靖国神社には約250万柱の英霊が祀られている。明治維新以来の日本人兵士全員が祀られているわけではない。そこに祀られているのは官軍の兵士のみである。靖国神社の前身である東京招魂社は1896年6月の第一回合祀で幕末以来の内戦の「官軍」、つまり新政府軍の戦死者3855人を祀った。以来、靖国神社となってからも今日まで内戦の死者としては官軍の戦死者のみを祀り、「賊軍」つまり旧幕府軍および反政府軍の死者は祀っていない。国内の戦死者ですら祀らないのであるから、日本が戦争で戦った相手国の戦死者は当然のように祀られていない。
靖国神社に祀られているのが、軍人および軍属のみというのも疑問が残る。
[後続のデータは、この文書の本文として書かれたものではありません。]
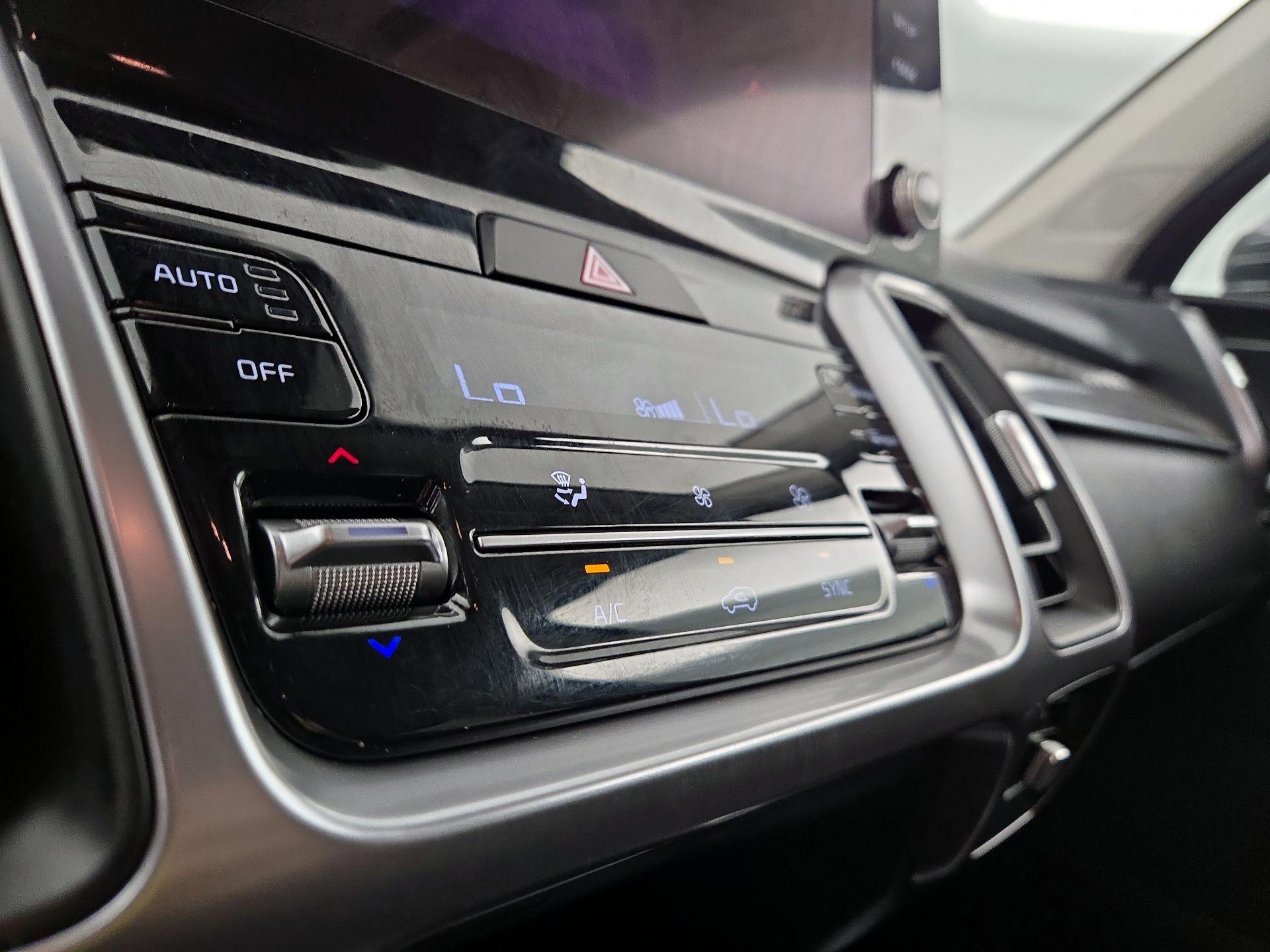 Thumbnail: 2023 Kia Sorento - 17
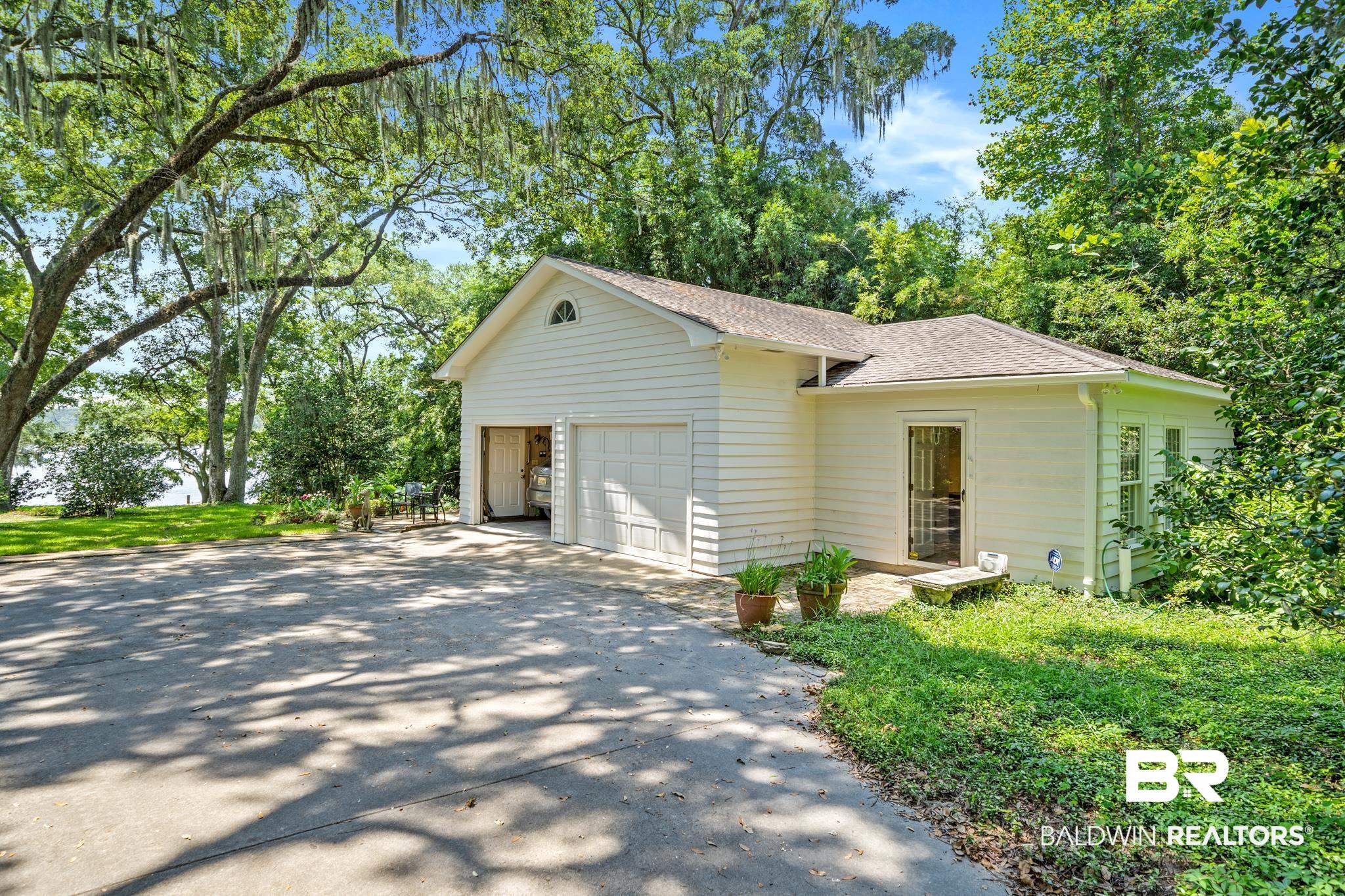 2151 Venetia Road Mobile, AL 36605 - Photo 33 of 47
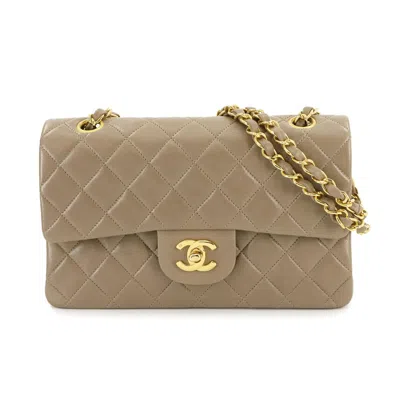 Pre-owned Chanel Beige Leather Shoulder Bag ()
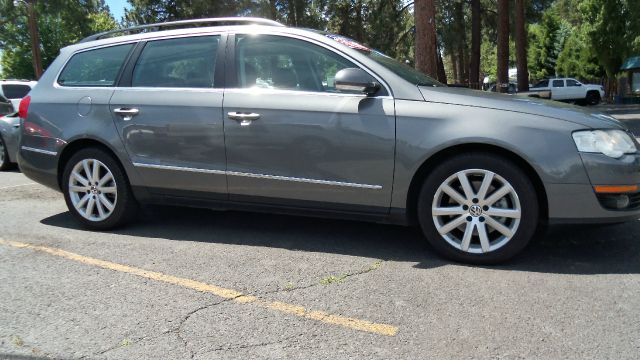 2007 Volkswagen Passat X 4x4 6 Cyl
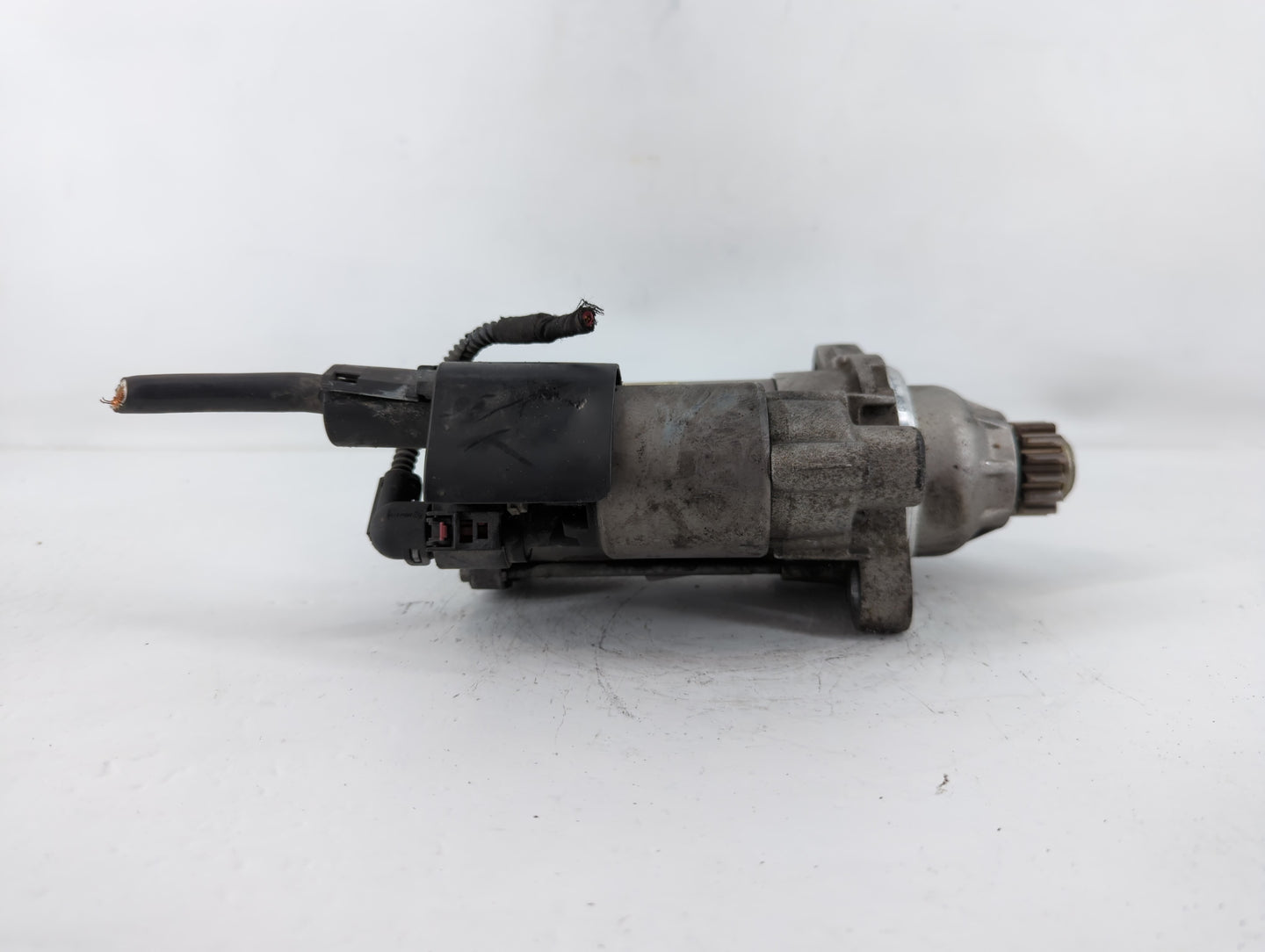 2014-2020 Volkswagen Passat Car Starter Motor Solenoid OEM P/N:28022017 02M 911 024 R Fits OEM Used Auto Parts - Oemusedauto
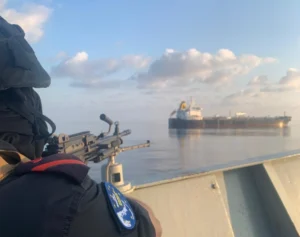 Иран гаѓал три танкери во Ормутскиот Теснец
ひめゆりの乙女たちは従軍看護婦つまり軍属であったため、祀られている。知覧の地より飛び立っていった神風特攻隊の若き桜たちも祀られている。日本軍の末端におられた方々が東條英機元首相らA級戦犯とされた重要人物たちと分け隔てなく平等に祀られているのは評価できるのだが、そこには民間人が一切入っていない。東京大空襲や沖縄戦の犠牲者も、広島や長崎の犠牲者も、いわばみな国のために死んでいったのに、民間人である限りは靖国神社にその魂を入れないのは納得できない。
官軍とか賊軍とか、軍人とか民間人とか、日本人とか外国人とか、戦争による死者にそのような区別や差別があってはならない。みんな同じ場所に祀ればよいと真剣に思う。
靖国問題がこれほど複雑化するのも、中国や韓国の干渉があるにせよ、遺族の方々が、戦争で亡くなった自分の愛する者が眠る場所が欲しいからであり、愛する者に会いに行く場所が必要だからである。その場所をどうするのか、慰霊と鎮魂の問題について真剣に懸命に取り組み最善の策を講じる使命を政治家は全うしなければならないはずだ。